A Preliminary Look at the New torchtext Library for PyTorch

Update: The new TorchText library was released in version 0.9 in March 2021, so this post is historical information.

The PyTorch neural network code library has several closely related libraries, such as torchvision for image processing and torchtext for natural language processing. The existing torchtext library has common datasets such as the IMDB dataset for sentiment analysis. The torchtext library also has many functions that work with the datasets, such as functions to load a dataset, parse a dataset, and build a vocabulary of words from a dataset.

Unfortunately, the torchtext library has two big problems. First, the current torchtext Dataset objects are not compatible with standard PyTorch torch.utils.data Dataset objects. Second, the current torchtext API is really weird and ugly.
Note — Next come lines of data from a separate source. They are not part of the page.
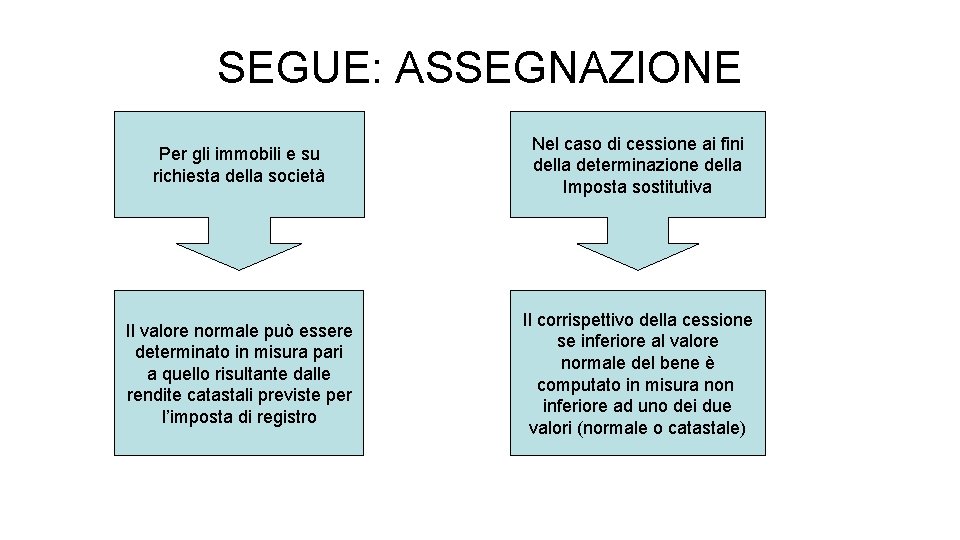 SEGUE: ASSEGNAZIONE Per gli immobili e su richiesta della società Nel caso di cessione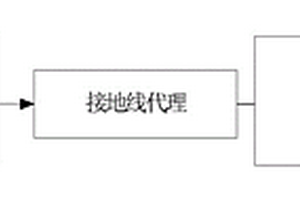 基于多代理技術的電力設備臨時接地線系統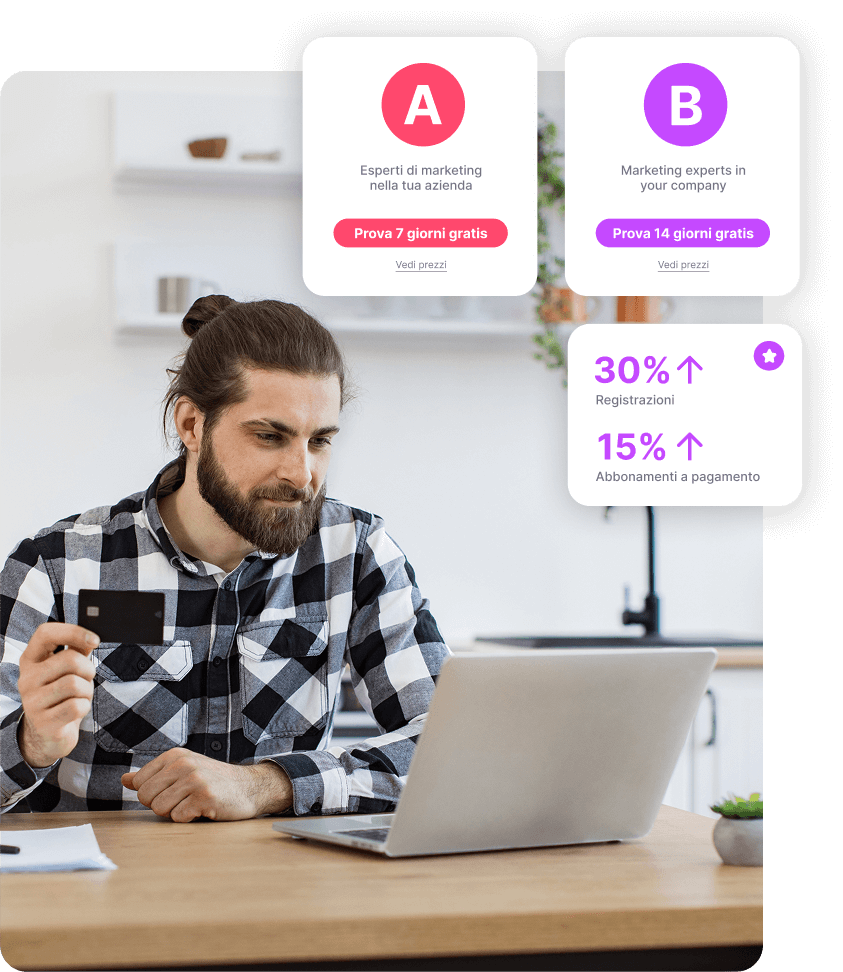 CRO - Conversion Rate Optimization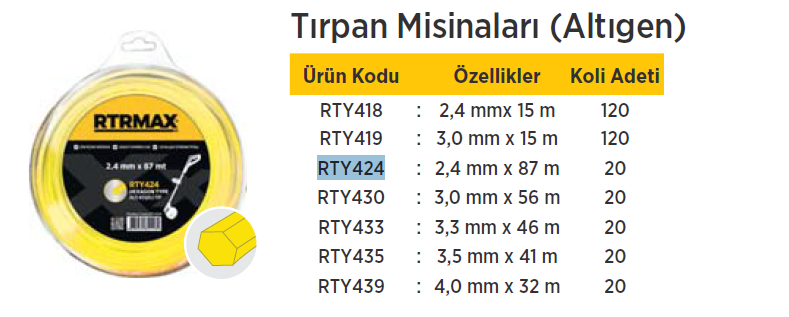 RTR MAX Tırpan Misinaları / Altıgen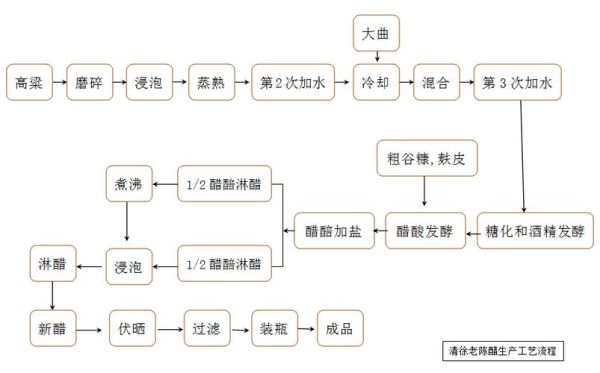 非物质文化遗产老醋(老醋传统酿造技艺传承全攻略)-第2张图片-八三百科 非物质文化遗产老醋(老醋传统酿造技艺传承全攻略)-第2张图片-八三百科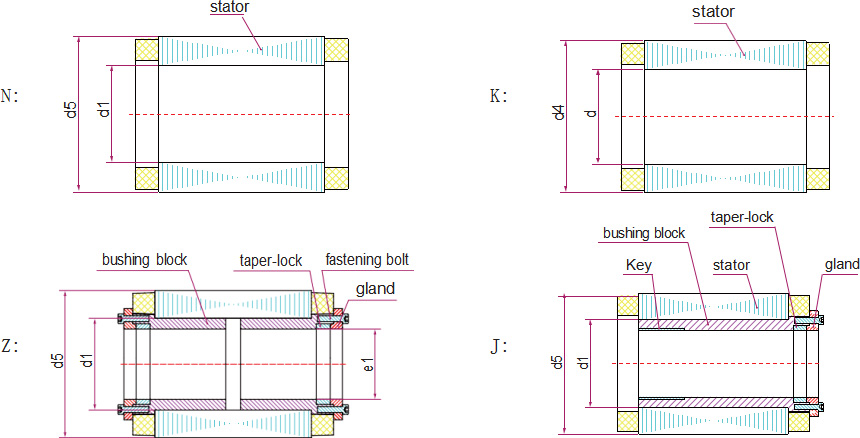 Built-in spindle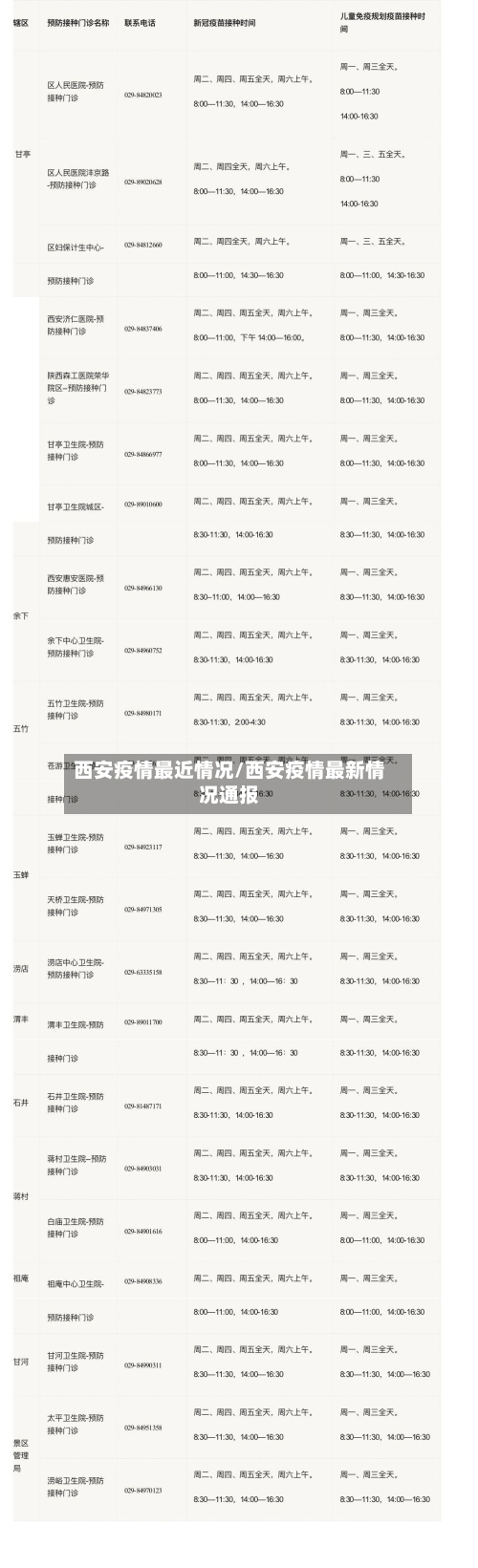 西安疫情最近情况/西安疫情最新情况通报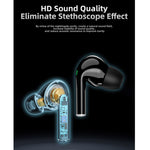 awei T29 PRO Auricular estéreo TWS Bluetooth sem fios, T29 PRO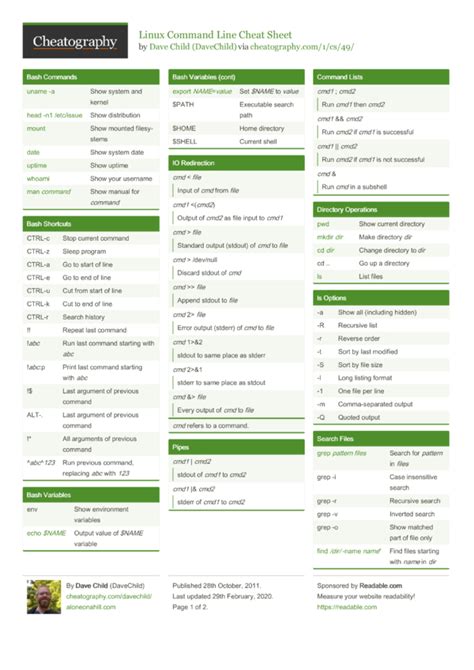 Linux commands cheat sheet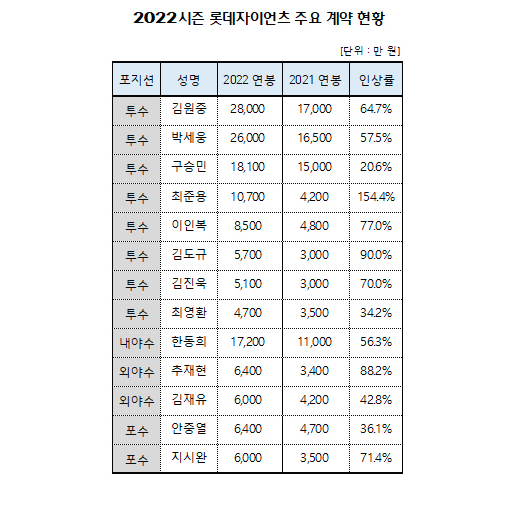 [K.SJ, KBO, 야구, 계약, 연봉 이야기] 2022년 시즌 부산 <b>롯데</b>... 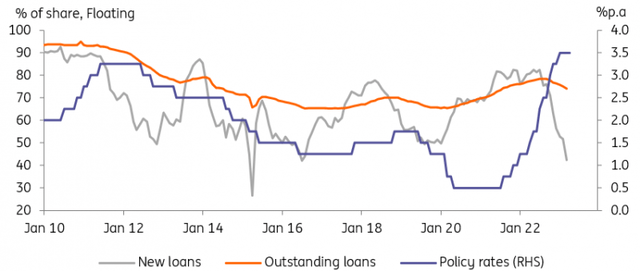 Floating based mortgages added to the debt service burden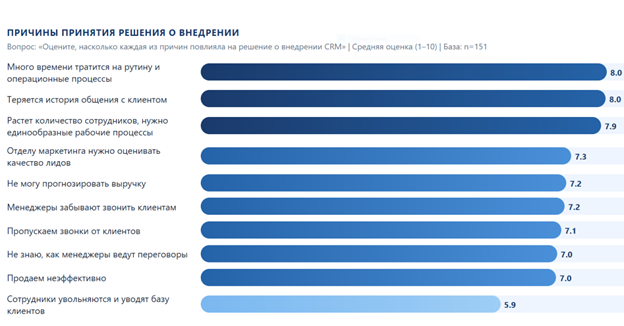За пять лет осведомленность о CRM-системах выросла почти в 2 раза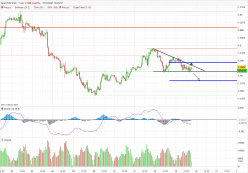 EUR/USD - 1 Std.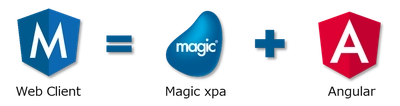 ローコード開発ツール Magic xpaの最新版を発売開始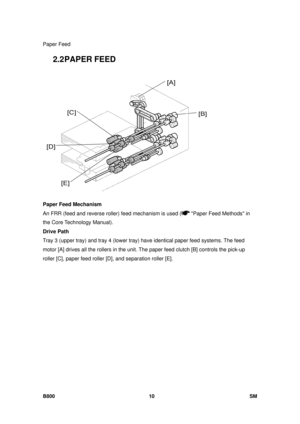 Page 1280Paper Feed 
B800 10  SM 
2.2 PAPER FEED 
 
Paper Feed Mechanism 
An FRR (feed and reverse roller)  feed mechanism is used (
 Paper Feed Methods in 
the Core Technology Manual). 
Drive Path  
Tray 3 (upper tray) and tray 4 (lower tray)  have identical paper feed systems. The feed 
motor [A] drives all the rollers in the unit.  The paper feed clutch [B] controls the pick-up 
roller [C], paper feed roller [D], and separation roller [E].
When you use a current torchtext dataset, you get all kinds of warnings that everything in the library is being deprecated. I came across a nice blog post that describes the new API for the new torchtext library, which is under development: github.com/pytorch/text/issues/664

In order to experiment with the new torchtext library, I had to install the experimental daily builds of PyTorch and torchtext. I went to download.pytorch.org/whl/nightly/cpu/torch_nightly.html and found a whl file for the January 30, 2021 build of PyTorch, and the build for the same day for torchtext. I downloaded the torch and torchtext whl files to my local machine. I uninstalled my current torch and torchtext modules, and then installed the experimental nightly builds of PyTorch and torchtext without problem — I was very lucky because nightly builds are often wildly unstable.

I coded up a little demo. The demo loads the IMDB dataset, and splits it into training and test sets. Then the demo creates a vocabulary from the training data. And then the demo extracts a short movie review I found at index position [93] in the training data.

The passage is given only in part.